Mit seinem Debüt hat Niklas Natt och Dag einen komplexen, wendungsreichen, rundum gelungenen historischen Krimi geschaffen, der meisterhaft und erstklassig unterhält. Der Schreibstil ist unerwartet modern, wunderbar angenehm, anschaulich und atmosphärisch und zieht einen schon auf den ersten Seiten in ein unglaublich düsteres, aber auch absolut interessantes und spannendes Abenteuer hinein. Das ist übrigens gar nicht immer so angenehm, wie man vielleicht im ersten Moment denken würde – Niklas Natt och Dags Geschichte ist nämlich schonungslos ehrlich, brutal und oft auch eklig. Der Autor beschreibt nämlich auch Unschönes (den Gestank, der damals auf den Straßen herrschte, Seen voller Müll, Unrat und unglaublich grausame Hinrichtungen) bis ins Detail. Es ist daher ein Buch, das für sensible Seelen und empfindliche Mägen nur bedingt geeignet ist. Obwohl die Ermittlungen einen wichtigen Teil des Buches ausmachen, vergisst Niklas Natt och Dag nicht, bei schwierigen Themen wie Kriegstraumata und Krankheit in die Tiefe zu gehen, was dieses Buch von vielen anderen Krimis abhebt und nur noch großartiger macht! Das Ende (und seine Auflösung) war eines der besten, das ich dieses Jahr (vielleicht auch jemals!) gelesen habe: rund, elegant, emotional, befriedigend, eindrucksvoll, erinnerungswürdig. Auch die Figuren sind absolut gelungen: Besonders die Protagonisten sind unglaublich liebevoll ausgearbeitet; sie sind authentisch, lebendig, dreidimensional, unvergesslich und haben alle ihre Stärken und Schwächen, ihre Probleme und ihre Vergangenheit.
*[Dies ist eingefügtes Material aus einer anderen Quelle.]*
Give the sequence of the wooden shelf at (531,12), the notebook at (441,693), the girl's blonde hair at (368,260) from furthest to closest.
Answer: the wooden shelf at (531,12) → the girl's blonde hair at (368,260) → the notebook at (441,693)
Besonders die langsam entstehende Freundschaft zwischen Cecil und Jean Michael – zwei so unterschiedlichen Personen – hat etwas in mir berührt. Vielleicht ist aber auch die unheimlich dichte Atmosphäre die größte Stärke des Buches. Obwohl es sich hier nicht um einen Thriller handelt, wird es teilweise atemlos spannend, weswegen ich diesen historischen Roman kaum zur Seite legen konnte. Lediglich was das Geschlechterverhältnis im Buch betrifft, würde ich mir im Folgeband mehr Ausgewogenheit wünschen. Kurz: „1793“ ist ein düsteres, atmosphärisches Meisterwerk, das den Hype und das Lob absolut verdient hat – besser kann man einen historischen Krimi nicht schreiben! Für mich ein absolutes Lesehighlight 2019! Unbedingt lesen!
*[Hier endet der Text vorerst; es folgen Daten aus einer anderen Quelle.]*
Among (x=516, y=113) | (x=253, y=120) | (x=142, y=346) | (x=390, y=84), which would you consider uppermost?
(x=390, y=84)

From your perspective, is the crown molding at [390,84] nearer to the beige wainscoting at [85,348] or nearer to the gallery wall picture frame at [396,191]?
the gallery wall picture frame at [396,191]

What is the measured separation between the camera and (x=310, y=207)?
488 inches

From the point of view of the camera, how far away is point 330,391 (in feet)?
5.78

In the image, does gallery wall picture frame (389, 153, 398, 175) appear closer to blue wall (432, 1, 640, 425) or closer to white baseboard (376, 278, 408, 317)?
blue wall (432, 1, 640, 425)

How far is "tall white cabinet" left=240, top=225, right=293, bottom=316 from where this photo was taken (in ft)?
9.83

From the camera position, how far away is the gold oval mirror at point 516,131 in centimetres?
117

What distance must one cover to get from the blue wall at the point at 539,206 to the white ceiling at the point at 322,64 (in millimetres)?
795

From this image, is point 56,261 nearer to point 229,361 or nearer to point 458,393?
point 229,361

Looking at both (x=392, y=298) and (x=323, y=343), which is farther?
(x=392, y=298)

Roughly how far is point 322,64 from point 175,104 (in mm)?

Beim zweiten Band bin ich natürlich wieder mit an Bord – ich kann es kaum erwarten, wieder in diese düstere Welt einzutauchen!
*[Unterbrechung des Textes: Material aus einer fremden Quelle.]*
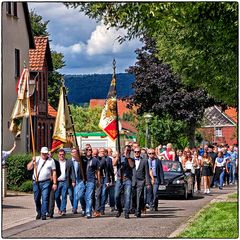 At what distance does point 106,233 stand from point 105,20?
394 centimetres

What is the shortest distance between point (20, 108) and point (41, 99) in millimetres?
16163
Besondere Leseempfehlung: Niklas Natt och Dag schreibt (bis auf wenige alte Wörter) sehr modern, weswegen ich sogar so weit gehen würde, zu sagen, dass ich ihn endlich gefunden habe – den historischen Roman für alle, die keine historischen Romane mögen!

Bewertung

Idee, Themen, Botschaft: 5 Sterne ♥
Umsetzung: 5 Sterne ♥
Worldbuilding: 5 Sterne ♥
Einstieg: 5 Sterne ♥
Schreibstil: 5 Sterne ♥
ProtagonistInnen: 5 Sterne ♥
Figuren: 5 Sterne ♥
Spannung & Atmosphäre: 5 Sterne ♥
Ende / Auflösung: 5 Sterne ♥
Emotionale Involviertheit: 5 Sterne ♥
Feministischer Blickwinkel: +/-
Regt zum Nachdenken an!

Insgesamt:

❀❀❀❀❀♥ Lilien

Dieses Buch bekommt von mir fünf Lilien und ein Herz – und somit den Lieblingsbuchstatus!